Leading breast cancer expert Dr. Virginia Borges has provided crucial insights into the evolving treatment landscape for hormone receptor-positive, HER2-negative metastatic breast cancer, particularly focusing on the promising role of capivasertib in patients with PIK3CA mutations.

Breakthrough Results from CAPItello-291 Trial

The phase 3 CAPItello-291 trial has established capivasertib's efficacy in combination with fulvestrant for patients with hormone receptor-positive advanced breast cancer. The study, which enrolled 708 patients, demonstrated remarkable results in the AKT pathway-altered population, with median progression-free survival reaching 7.3 months for the capivasertib group compared to 3.1 months in the placebo group (HR 0.50; 95% CI, 0.38-0.65; P < .001).

Importantly, the trial showed an overall survival benefit across all patients, with a hazard ratio of 0.74 (95% CI, 0.56-0.98), leading to FDA approval. The study included patients who had received up to two prior lines of endocrine therapy and one line of chemotherapy in the advanced setting, with 51% having previous CDK4/6 inhibitor exposure.

Treatment Selection and Clinical Considerations

Dr. Borges highlighted the advantages of capivasertib over alternative treatments, particularly alpelisib, for patients with PIK3CA mutations. "Capivasertib is an easier drug to give, with less rash and blood sugar elevation issues," noted Dr. Borges. The drug targets AKT, PTEN, and PI3 kinase mutations, offering broader therapeutic potential.

The dosing schedule requires careful management, following a 4-days-on, 3-days-off regimen. While blood sugar monitoring remains important, particularly for diabetic patients, the side effect profile appears more manageable compared to alpelisib.

Molecular Testing Strategy

For optimal treatment selection, Dr. Borges emphasizes the importance of timing molecular testing appropriately. She recommends testing for PIK3CA mutations before disease progression on current therapy, allowing for better treatment planning.
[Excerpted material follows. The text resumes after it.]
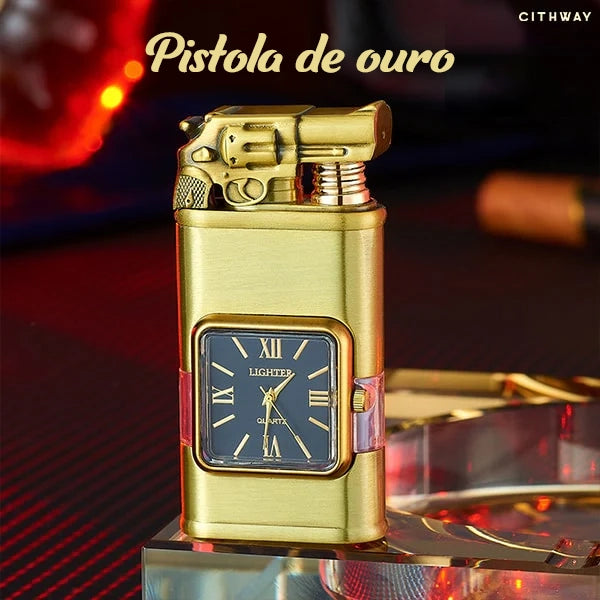 Cithway™ - Isqueiro Relógio Vintage com Dupla Chama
The presence of both PIK3CA and ESR1 mutations would typically lead to prioritizing PIK3CA-targeted therapy due to its role as a driver mechanism.
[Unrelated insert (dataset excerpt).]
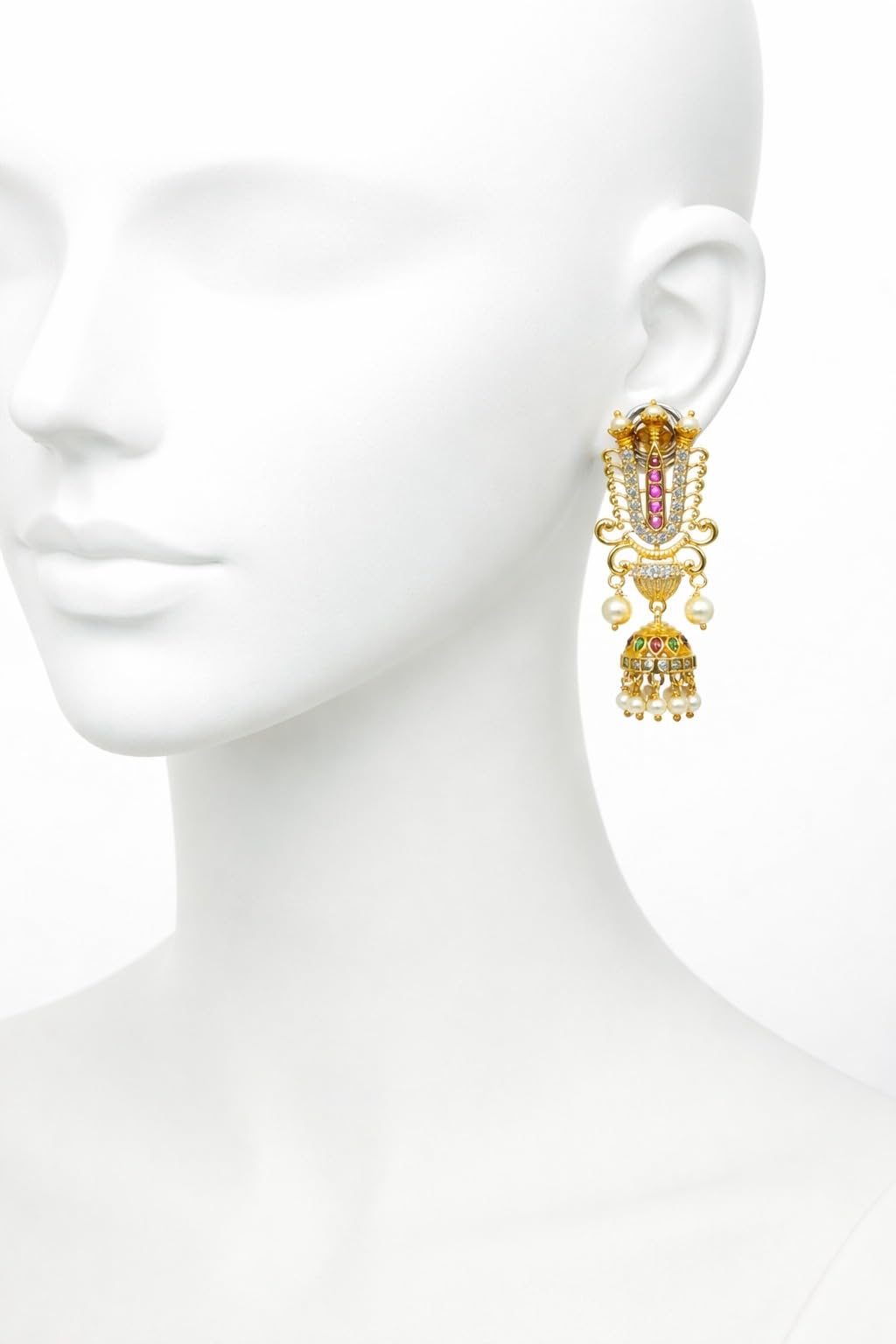 Gold Plated Traditional Jhumka Earrings for Women Stylish | Temple Fashion Jewellery Earrings for Girls | Elegant Earrings Gift for Women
Managing Side Effects and Monitoring

Patient monitoring includes regular complete blood count with differential and fasting biochemistry panels at follow-up visits. The most common side effect, diarrhea, can typically be managed with loperamide as needed. Treatment efficacy is monitored through imaging, with successful cases showing reduced avidity in osseous lesions on PET-CT scans.
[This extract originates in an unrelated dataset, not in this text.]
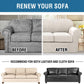 4 Piece Stretch Sofa Covers for 3 Cushion Couch Covers for Living Room Furniture Slipcovers (Base Cover plus 3 Seat Cushion Covers) Upgraded Thicker Jacquard Fabric (Sofa, Ivory)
Future Directions and Treatment Evolution

The landscape of breast cancer treatment continues to evolve, particularly regarding HER2 expression patterns. Dr. Borges notes that HER2 status can change from primary to metastatic disease, though significant shifts to HER2-positive are rare (2.4% from HER2-0 and 1.6% from HER2-low).

The emergence of new therapeutic options, including novel selective estrogen receptor degraders (SERDs) and modulators, suggests an expanding array of treatment possibilities for patients with hormone receptor-positive metastatic breast cancer. This evolving landscape emphasizes the importance of sequential molecular testing to guide treatment decisions throughout the disease course.